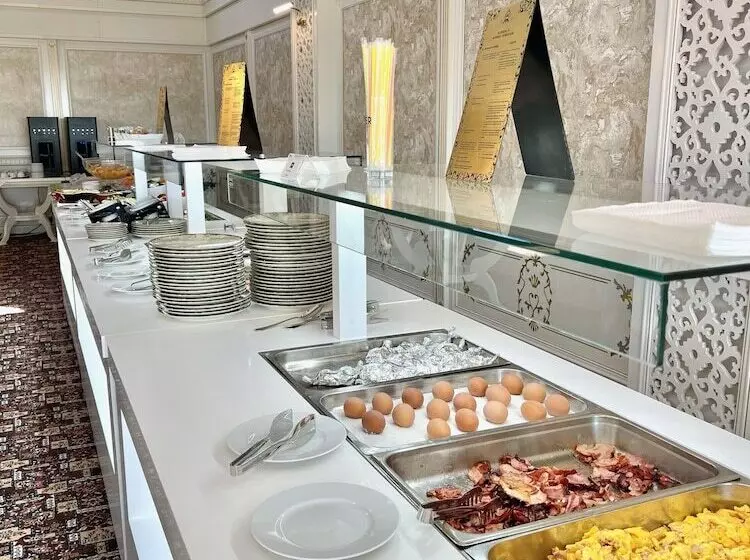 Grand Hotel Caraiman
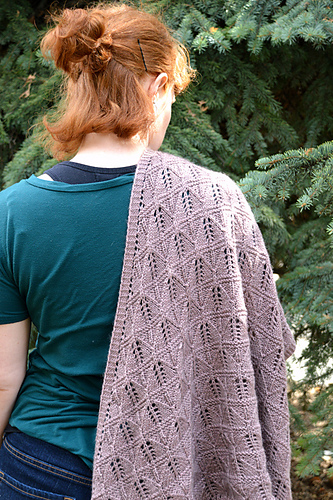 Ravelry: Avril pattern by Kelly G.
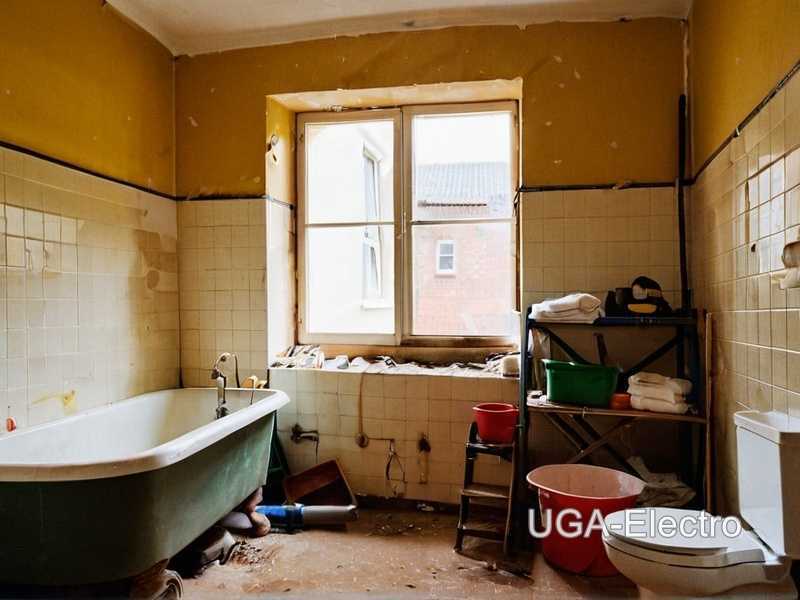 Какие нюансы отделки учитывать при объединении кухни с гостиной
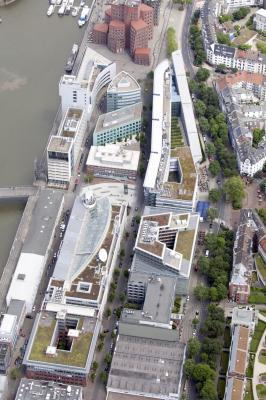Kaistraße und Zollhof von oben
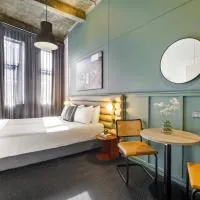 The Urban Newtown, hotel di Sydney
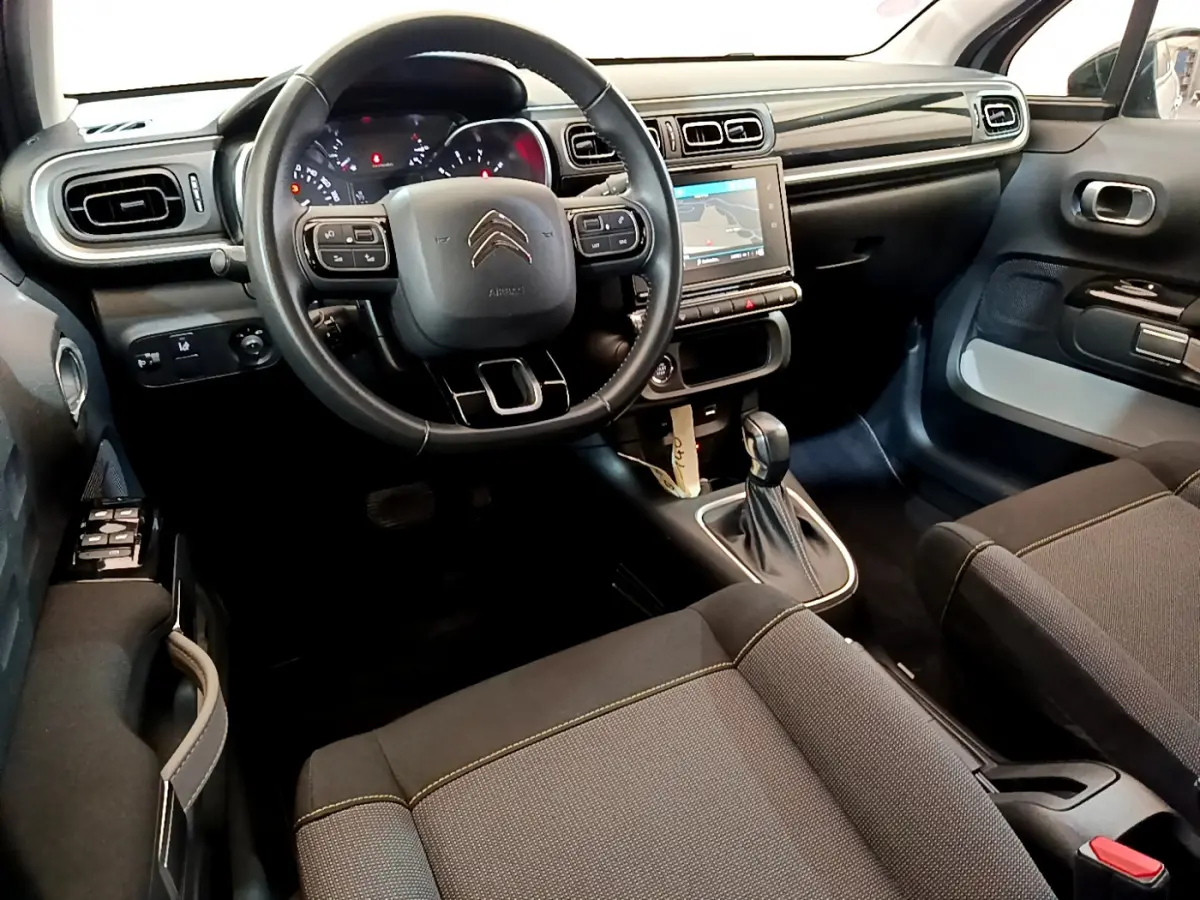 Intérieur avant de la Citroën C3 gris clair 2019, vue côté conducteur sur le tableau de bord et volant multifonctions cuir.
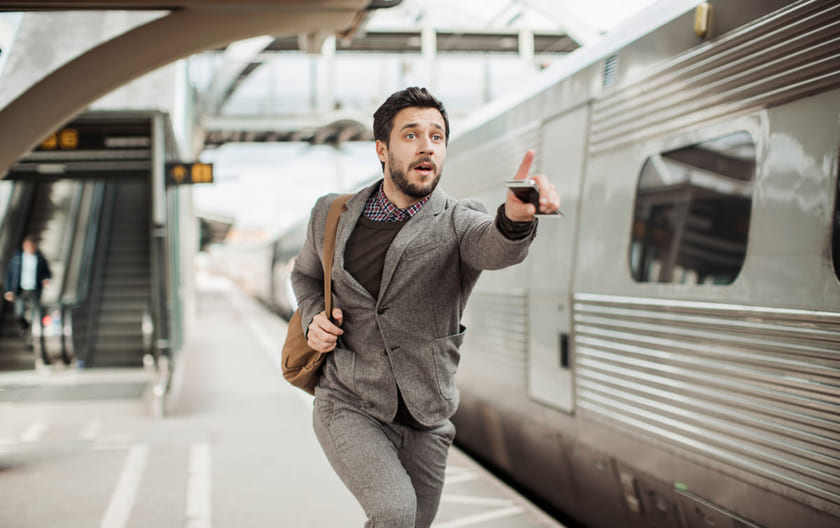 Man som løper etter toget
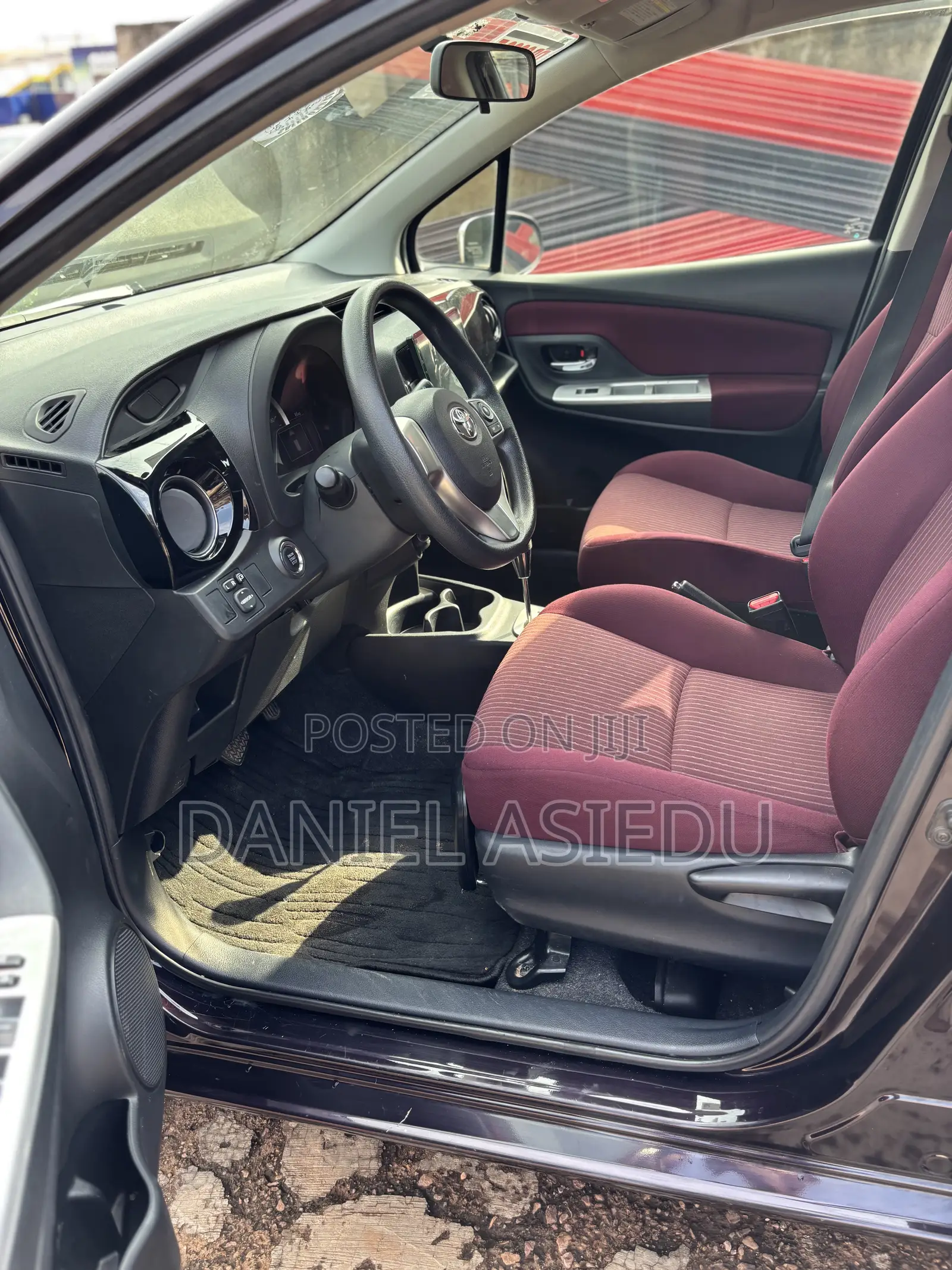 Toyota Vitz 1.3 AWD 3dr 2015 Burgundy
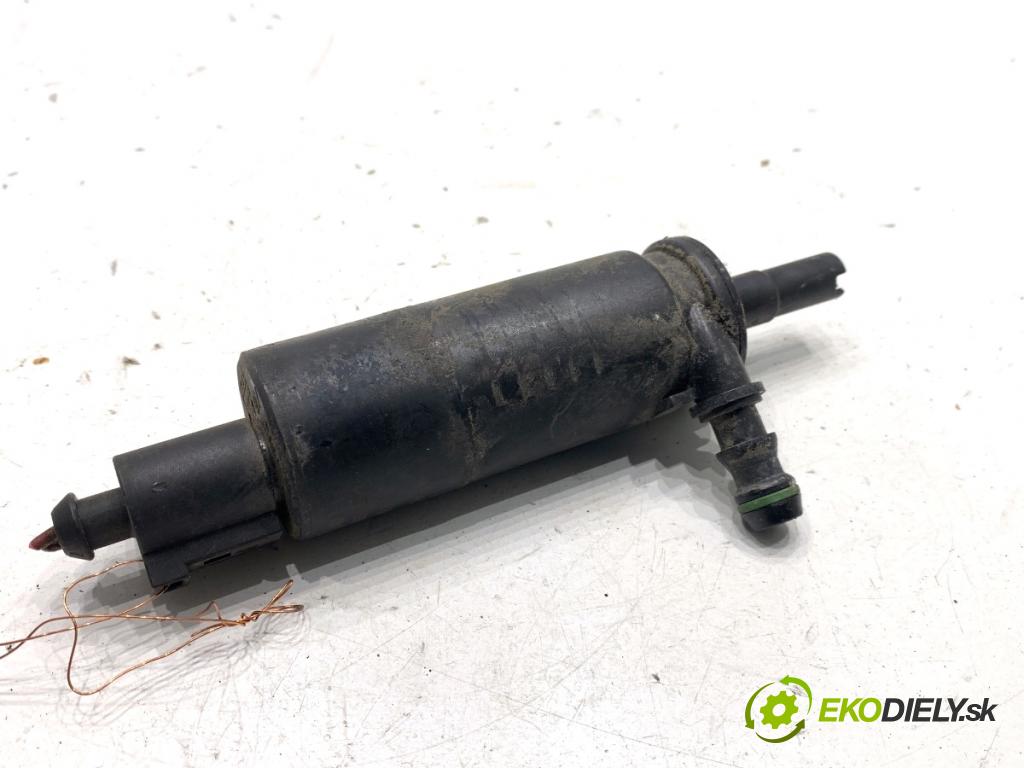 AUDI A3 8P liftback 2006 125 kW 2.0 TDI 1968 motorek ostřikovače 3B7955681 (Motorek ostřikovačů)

————

→ **Exercise prompt**: Each line above from the one containing "The Urban Newtown, hotel di Sydney" through the one containing "Toyota Vitz 1.3 AWD 3dr 2015 Burgundy" is to be returned verbatim. Nothing else, and no pictures.

→ **Your solution**:
 The Urban Newtown, hotel di Sydney
 Intérieur avant de la Citroën C3 gris clair 2019, vue côté conducteur sur le tableau de bord et volant multifonctions cuir.
 Man som løper etter toget
 Toyota Vitz 1.3 AWD 3dr 2015 Burgundy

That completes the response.